Thanks Buka on remind me to salute before ask, Im in martial talk before 2009 and I have lost my google account at that time, so last time I created this account with my new email and if there is a moderaror around maybe can help me on recovering my profile and account with the email I lost directly (near60@gmail.com).
And regarding 2man set, Im waiting others red book version that I have buy and If I find answer to my question I will share here too..... Have a good day
Nelson


----------



## Kenposcholar (Sep 19, 2016)

@NearRed , I am a Kenpo guy. Can you enlighten me on what this red book is? I may be able to ask around for you. I know that Juan Serrano has some detailed videos on the Two Man Set under the Youtube channel called "Casa De Kenpo". However, his version will likely be different than yours.


----------



## NearRed (Sep 19, 2016)

Kenposcholar said:


> @NearRed , I am a Kenpo guy. Can you enlighten me on what this red book is? I may be able to ask around for you. I know that Juan Serrano has some detailed videos on the Two Man Set under the Youtube channel called "Casa De Kenpo". However, his version will likely be different than yours.


 
Hey Kenposcholar Im talking about "Accumulative Journal" - known as "the Red Book" or "Big Red" published by Edmund Parker, I have the 1975 version but I know there are more versions, so the only place where I have found the "Two Man Set" is in the book "secrets of chinese karate" https://www.amazon.es/Secrets-Chinese-Karate-Ed-Paker/dp/1453618767

I Know What people like casa de kenpo did but Im looking if some day this set was included officialy just for the records:





Regards
Nelson


----------



## Kenposcholar (Sep 20, 2016)

NearRed said:


> Hey Kenposcholar Im talking about "Accumulative Journal" - known as "the Red Book" or "Big Red" published by Edmund Parker, I have the 1975 version but I know there are more versions, so the only place where I have found the "Two Man Set" is in the book "secrets of chinese karate" https://www.amazon.es/Secrets-Chinese-Karate-Ed-Paker/dp/1453618767
> 
> I Know What people like casa de kenpo did but Im looking if some day this set was included officialy just for the records:
> 
> ...



Gotcha! I had never heard of it referred to as those other nicknames. Really cool to know though, thanks!


----------



## punisher73 (Sep 26, 2016)

I don't have access to "Big Red", but I know that the Two Man Set is listed in the "official" technique/set/form list as spelled out by the Infinite Insights series.  So, at least at that point it was included in the official list of required material.

hope that helps some.


----------



## Doc (Oct 18, 2016)

The Two-Man Set also known as "The Black Belt Set" initially, originally appeared in "Secrets of Chinese Karate" published in 1963. This was during Mr. Parker's Chinese Kenpo period under Sifu Ark Wong, when the only significant form was the Hung Gar version of "Tiger and the Crane," while other forms were a "work-in-progress" through the major efforts of Sifu James "Jimmy" Wing Woo.

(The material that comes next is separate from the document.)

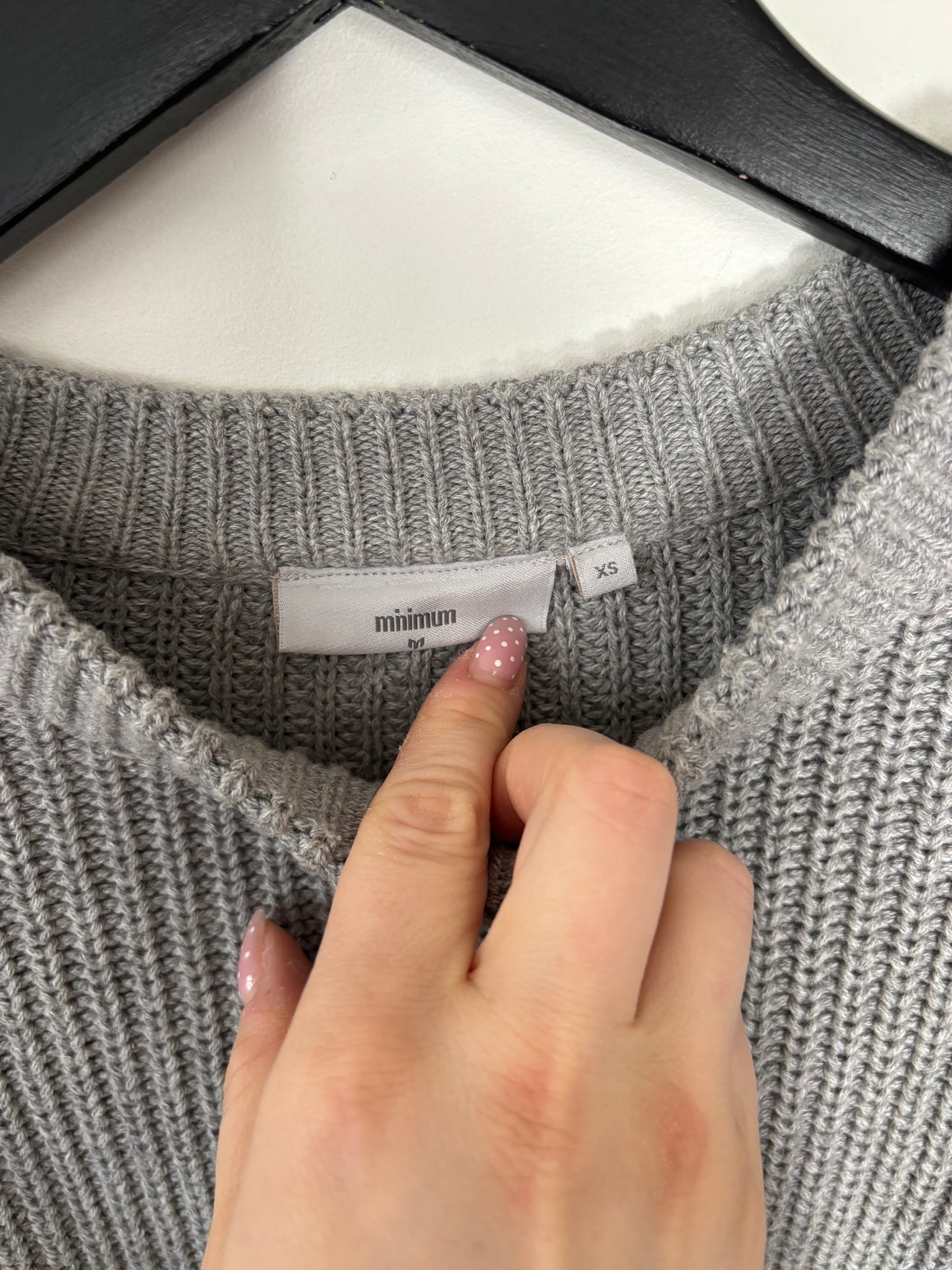 Minimum Mikayla Grey Knit Cotton Sweater | XSmall (N134C1)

When Mr. Parker changed directions abruptly to create his "commercial art," he did not bring any of the traditional Chinese material over in the process, because it was too labor intensive and required a knowledgeable instructor who would have to painstakingly teach and make corrections.

The "new" free form conceptually driven "Ed Parker's Kenpo Karate" was all about self expression akin to JKD, and designed first as a self-defense business that allowed students to "find what works for themselves." But, more importantly from Mr. Parker;s perspective, it did not require him to be on the mat with anyone on an extended or regular basis. It allowed him the freedom to travel and teach concepts, as opposed to being in a school all day and night telling students to "fix their feet," or "turn your shoulder" constantly as real basics training requires. The "system" essentially set him free to proliferate his ideas, at the expense of the meticulous basics training of the Chinese Arts which had to be abandoned for Ed Parker's Kenpo Karate to succeed.

"Big Red" was a Studio Owners Business Manual That contained a "suggested" teaching outline, as well as business practice guidelines that was distributed to most a bit at a time as needed.

While "Two-Man Set" was listed in Infinite Insights, it is important to understand the infinite Insights material was an accumulation of material from the sixties and early seventies that was ten years old at publication, and finally codified by Mr. Parker, but was in no way a mandated teaching list, but instead more of a historical reference written for all martial artists, not just his "Kenpo" people.

For some the Infinite Insights Volumes are a "Bible." They shouldn't be. They should instead be viewed in the historical context for which they were intended. I am pictured and/or represented in every volume, and while it was fun to shoot, the inconsistencies were intentional to reach the largest audience from every style and discipline he could imagine.


----------



## Flying Crane (Oct 18, 2016)

Can't say that I ever much liked Two-man set.


----------



## Doc (Oct 18, 2016)

That's because it didn't make sense and had horrible mechanics. Tiger and Crane was another story sir.


----------



## Flying Crane (Oct 18, 2016)

Doc said:


> That's because it didn't make sense and had horrible mechanics. Tiger and Crane was another story sir.


Ayup.  Couldn't make any real sense of it.

Strong dislike for the tiger/crane version that is found in the lineage I trained in.  I don't know if it morphed into something  different from what was taught in the 1950s-1969s, but I am certain that currently it is a long way off from any legitimate hung gar lineages.

I don't like mimicking things that were borrowed from other systems.  Sooner or later someone who knows it legitimately is going to see you do it, and then you get an uncomfortable lesson.  
.


----------



## Doc (Oct 18, 2016)

And it never fails to come true.


----------



## Grandmaster Yue men quan (Mar 15, 2017)

I have a copy of the two man set from the book it was kiped from somewhere around the house. It was a training tool. If you look at 5 star it is a two man set also. Anything in the curriculum can be used in a two man set. When I left kenpo I studied tai chi, wing chun, pakua, anything that delt with two person sets and the sticky range. I truly wanted to master the short and long arm application's of kungfu. I long past that point now and realize that most arts are built on the tao and have interchangeable parts. When looking back at kenpo I started with it is a very beautiful thing and I wish I knew more and that ed parker was still around I learned through purple belt from one of his students and I have bought a lot of the kenpo books. But some of the things in this art I feel are lost in antiquity.


----------